:: WORK REQUEST ::
Without the pictures, repeat the listing character for character.

:: DATASET EXTRACT ::
++++++

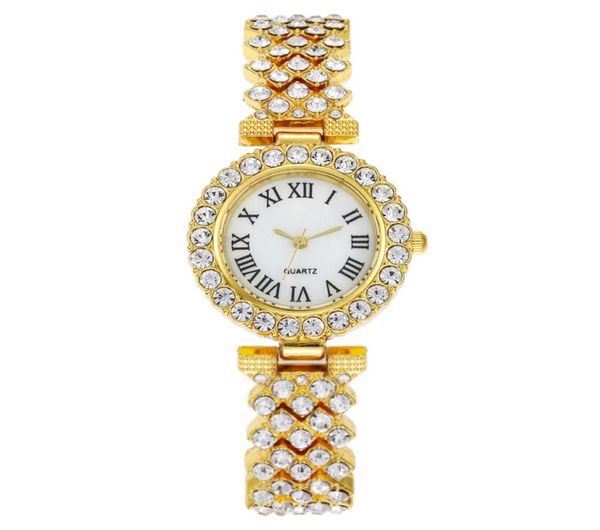 

luxury delicate women039s watch gift inlaid diamond quartz analog roman number watches with elegant bracelet suit for lady girl4881184, Slivery;golden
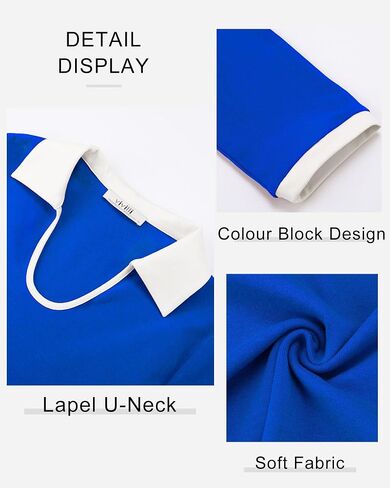 Vivilli Women's 3/4 Sleeve Polo Shirts Colour Block Blouse 2024 Fall Business Casual Tops in Saudi Arabia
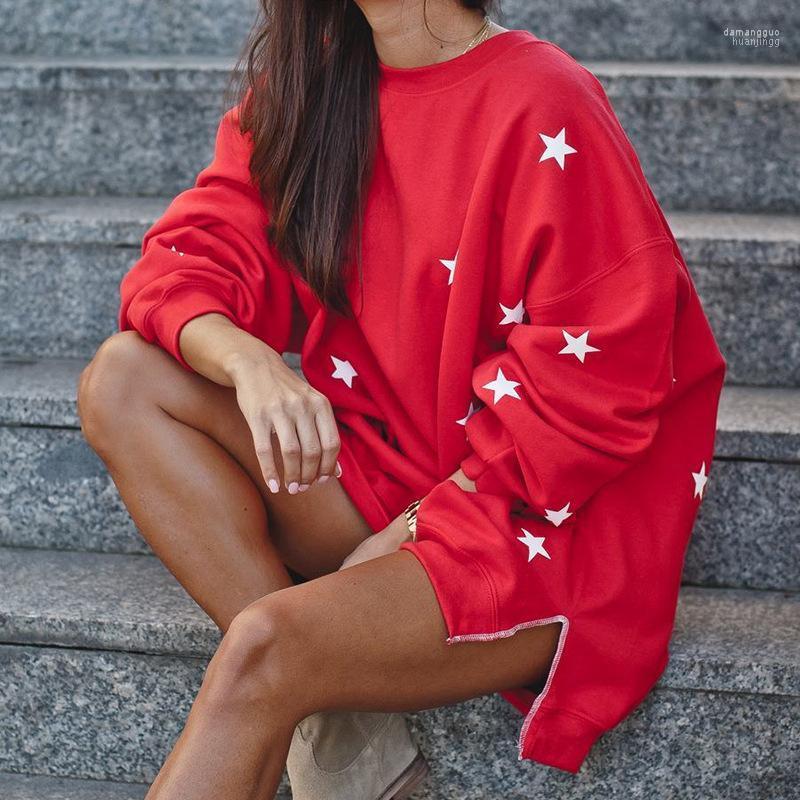 

Women' Hoodies Autumn Woman' Oversize Female Red Black Loose Cotton Stars Thicken Warm Women Sweatshirts Lady Fashion Plus Size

++++++

:: REPLY TO THE TASK ::
luxury delicate women039s watch gift inlaid diamond quartz analog roman number watches with elegant bracelet suit for lady girl4881184, Slivery;golden
 Vivilli Women's 3/4 Sleeve Polo Shirts Colour Block Blouse 2024 Fall Business Casual Tops in Saudi Arabia

Women' Hoodies Autumn Woman' Oversize Female Red Black Loose Cotton Stars Thicken Warm Women Sweatshirts Lady Fashion Plus Size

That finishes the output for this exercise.